Does New Congress Mean Keystone Pipeline Crude Oil In Houston?

UH symposium panel
The UH symposium panel from left: Charles Esser, Carl Weimer, and Steve Magness

 

In the next couple of months, you're likely to be hearing more about the Keystone XL pipeline. It would bring heavy Canadian crude oil to refineries near Houston and Beaumont. The Obama Administration has yet to approve it, but a new Congress may step in and take action.

After the Republican Election Day sweep, GOP leader and Kentucky Senator Mitch McConnell said energy policy will be a priority.

“When you say energy these days, people think of the Keystone Pipeline, but that’s only part of it,” said McConnell, the presumptive Senate majority leader.

Why has the Keystone continued to be such a hot-button issue for years?

People opposed to it have said the pipeline poses a higher risk of leaking because of what’s been called the “corrosiveness” of Canadian crude that’s heavier than average. But among some people in the nation’s energy capitol, the proposal to pipe Canadian crude is met with a yawn.

“For people in the industry, it’s kind of a benign thing,” said Steve Magness, a partner with Cogent Energy Solutions, which markets crude oil shipped by pipeline. He was on a panel of three experts speaking at a University of Houston “Critical Issues in Energy” symposium about pipeline safety.

When asked about Keystone, the panel’s public safety advocate — Carl Weimer with the citizen’s group Pipeline Safety Trust — said the Keystone debate is now less focused on safety and more on climate change. He said other similar pipelines are creating little fanfare.
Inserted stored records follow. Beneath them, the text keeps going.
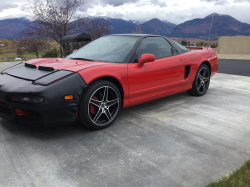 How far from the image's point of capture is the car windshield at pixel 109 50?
10.9 feet

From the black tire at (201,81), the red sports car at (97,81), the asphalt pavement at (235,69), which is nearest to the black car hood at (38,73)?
the red sports car at (97,81)

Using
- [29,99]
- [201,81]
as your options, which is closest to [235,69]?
[201,81]

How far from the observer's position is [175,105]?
13.3ft

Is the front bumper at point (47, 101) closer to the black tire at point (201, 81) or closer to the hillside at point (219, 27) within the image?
the black tire at point (201, 81)

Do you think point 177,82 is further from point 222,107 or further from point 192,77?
point 222,107

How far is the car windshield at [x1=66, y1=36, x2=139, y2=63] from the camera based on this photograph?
332 centimetres

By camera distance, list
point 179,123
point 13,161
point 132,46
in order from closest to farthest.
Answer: point 13,161 → point 179,123 → point 132,46

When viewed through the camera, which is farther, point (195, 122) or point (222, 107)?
point (222, 107)

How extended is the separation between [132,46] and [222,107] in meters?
2.03

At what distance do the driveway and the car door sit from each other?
40 cm

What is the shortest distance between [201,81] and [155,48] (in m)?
1.56

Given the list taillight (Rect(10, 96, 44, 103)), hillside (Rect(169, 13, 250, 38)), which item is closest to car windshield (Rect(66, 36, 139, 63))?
taillight (Rect(10, 96, 44, 103))

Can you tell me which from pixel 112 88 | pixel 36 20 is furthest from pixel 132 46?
pixel 36 20

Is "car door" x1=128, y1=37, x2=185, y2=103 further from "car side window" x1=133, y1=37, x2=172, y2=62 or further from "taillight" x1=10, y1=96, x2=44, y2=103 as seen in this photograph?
"taillight" x1=10, y1=96, x2=44, y2=103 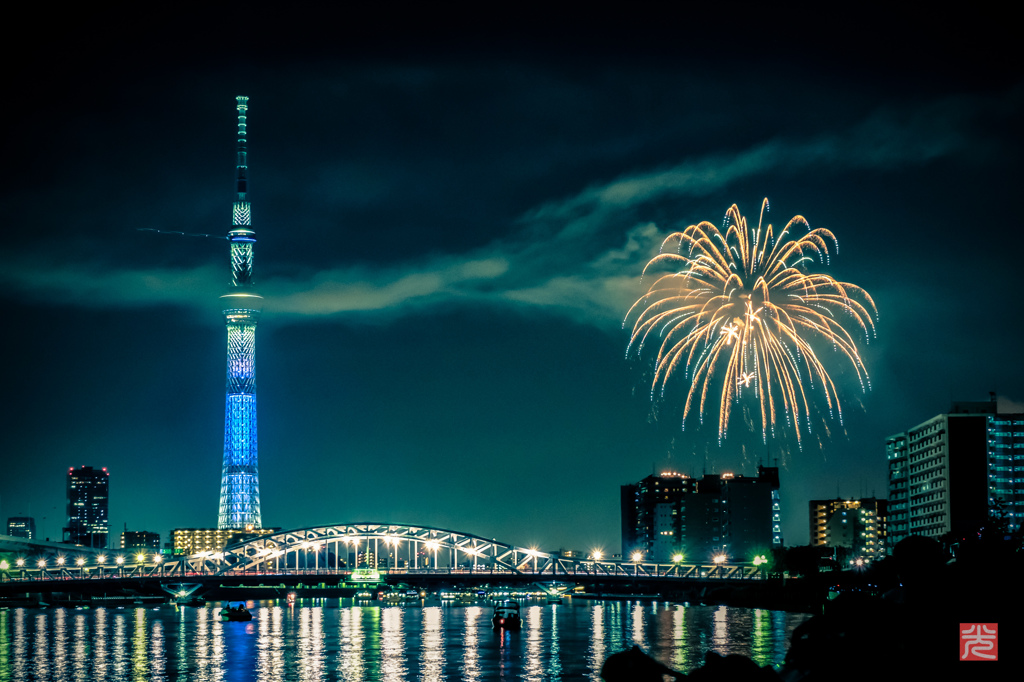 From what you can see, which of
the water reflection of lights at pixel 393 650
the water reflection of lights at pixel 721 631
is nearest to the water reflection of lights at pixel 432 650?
the water reflection of lights at pixel 393 650

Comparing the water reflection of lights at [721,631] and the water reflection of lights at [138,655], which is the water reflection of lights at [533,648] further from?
the water reflection of lights at [138,655]

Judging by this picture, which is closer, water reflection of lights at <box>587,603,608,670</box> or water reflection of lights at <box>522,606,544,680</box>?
water reflection of lights at <box>522,606,544,680</box>

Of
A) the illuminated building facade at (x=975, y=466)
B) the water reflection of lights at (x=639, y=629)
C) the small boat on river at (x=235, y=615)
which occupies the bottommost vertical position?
the small boat on river at (x=235, y=615)

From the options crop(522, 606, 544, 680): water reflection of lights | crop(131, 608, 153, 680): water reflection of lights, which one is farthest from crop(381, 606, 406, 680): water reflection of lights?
crop(131, 608, 153, 680): water reflection of lights

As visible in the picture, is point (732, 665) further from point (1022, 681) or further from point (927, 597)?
point (1022, 681)

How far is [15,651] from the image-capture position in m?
104

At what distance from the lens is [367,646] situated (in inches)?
4171

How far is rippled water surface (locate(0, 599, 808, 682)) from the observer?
3246 inches

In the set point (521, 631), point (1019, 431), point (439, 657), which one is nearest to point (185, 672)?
point (439, 657)

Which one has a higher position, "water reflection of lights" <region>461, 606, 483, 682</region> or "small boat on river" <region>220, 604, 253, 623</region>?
"water reflection of lights" <region>461, 606, 483, 682</region>

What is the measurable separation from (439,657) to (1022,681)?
84643 mm

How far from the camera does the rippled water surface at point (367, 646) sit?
82438 mm

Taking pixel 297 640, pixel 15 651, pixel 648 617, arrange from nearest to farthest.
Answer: pixel 15 651
pixel 297 640
pixel 648 617

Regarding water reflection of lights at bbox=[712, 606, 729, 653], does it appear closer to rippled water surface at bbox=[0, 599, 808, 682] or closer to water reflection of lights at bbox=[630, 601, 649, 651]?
rippled water surface at bbox=[0, 599, 808, 682] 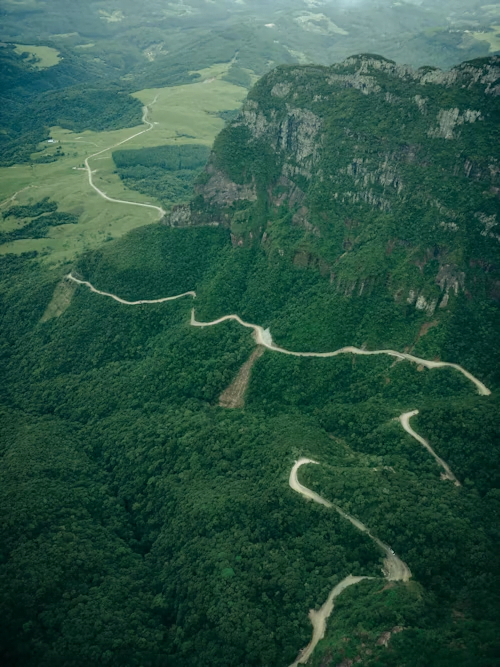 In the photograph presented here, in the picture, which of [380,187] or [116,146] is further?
[116,146]

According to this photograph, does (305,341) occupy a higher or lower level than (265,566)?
higher

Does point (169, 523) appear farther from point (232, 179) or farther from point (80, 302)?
point (232, 179)

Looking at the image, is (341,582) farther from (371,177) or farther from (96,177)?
(96,177)

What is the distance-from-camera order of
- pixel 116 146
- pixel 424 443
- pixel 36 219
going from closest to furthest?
pixel 424 443 → pixel 36 219 → pixel 116 146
“And while they’ve all been arguing about Keystone, other pipelines have been developed delivering the same amount of crude into the US," Weimer said. "Other pipelines are being proposed that would take it to the east and the west coasts.“

The panel agreed the Keystone controversy is now more about the way the oil is produced in Canada and how refining it will impact climate change. The crude is mined out of the Canadian oil sands formations, which opponents say damages forests and wastes water. Once in Texas, refining the heavy crude may result in higher amounts of air pollution than refining so-called lighter crudes.

What’s more, Keystone is different because it needs approval from the U.S. State Department since it would run across the US-Canadian border. The third panelist at the U of H event knew all about that.

 “I worked on the Keystone Pipeline when it was in the State Department. In fact, I was the bureaucrat who initiated the bureaucratic process of the Keystone Pipeline,” said Charles Esser, eliciting chuckles from the packed auditorium.

Esser pointed out that it’s not just environmental groups who pose a problem for oil sands crude: the European Union has proposed slapping an extra tax on it because it’s dirtier and could add more to climate change. And now with the price of oil dropping, there’s another concern: oil sands crude is more expensive to produce. So will those costs be justified if oil prices remain low? The market will eventually answer that question.

Meantime, the soon-to-be Republican-majority Congress may vote to approve Keystone, leaving it to President Obama let the vote stand. Or veto it.